WORK INSTRUCTION: Further down are entries; set down exactly and only the lines from the one with "Girl Fashionable Summer" up to and including the one with "Milwaukee QUIK-LOK Tober", dropping each picture.

AVAILABLE DATA:
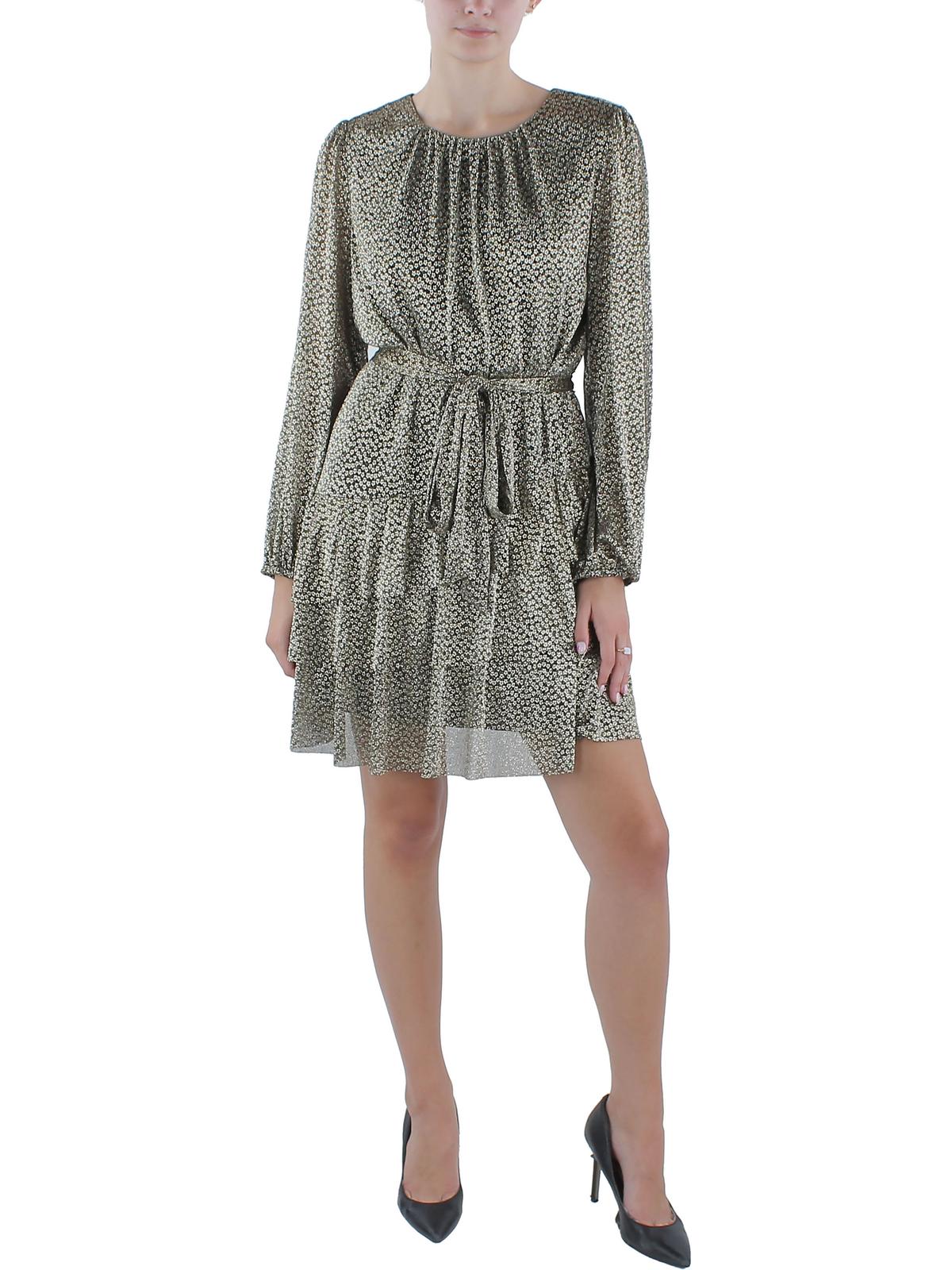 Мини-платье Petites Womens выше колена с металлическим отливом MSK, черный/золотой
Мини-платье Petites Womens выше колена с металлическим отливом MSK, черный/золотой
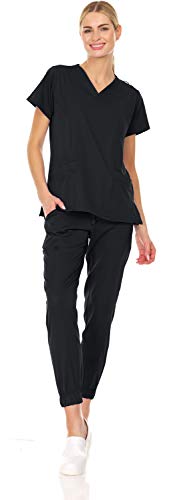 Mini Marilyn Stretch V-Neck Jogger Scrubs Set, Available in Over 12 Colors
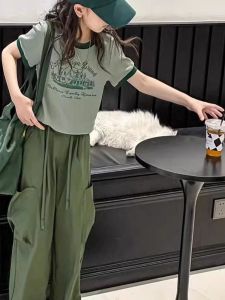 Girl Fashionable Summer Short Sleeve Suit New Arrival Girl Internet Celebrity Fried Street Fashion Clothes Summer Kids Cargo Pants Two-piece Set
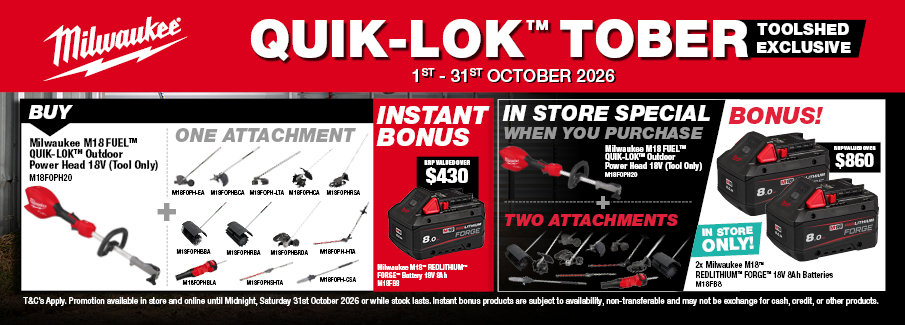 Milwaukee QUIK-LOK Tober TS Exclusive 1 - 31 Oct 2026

* * *

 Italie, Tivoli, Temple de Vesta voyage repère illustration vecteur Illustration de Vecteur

OUTPUT BELOW:
 Girl Fashionable Summer Short Sleeve Suit New Arrival Girl Internet Celebrity Fried Street Fashion Clothes Summer Kids Cargo Pants Two-piece Set
 Milwaukee QUIK-LOK Tober TS Exclusive 1 - 31 Oct 2026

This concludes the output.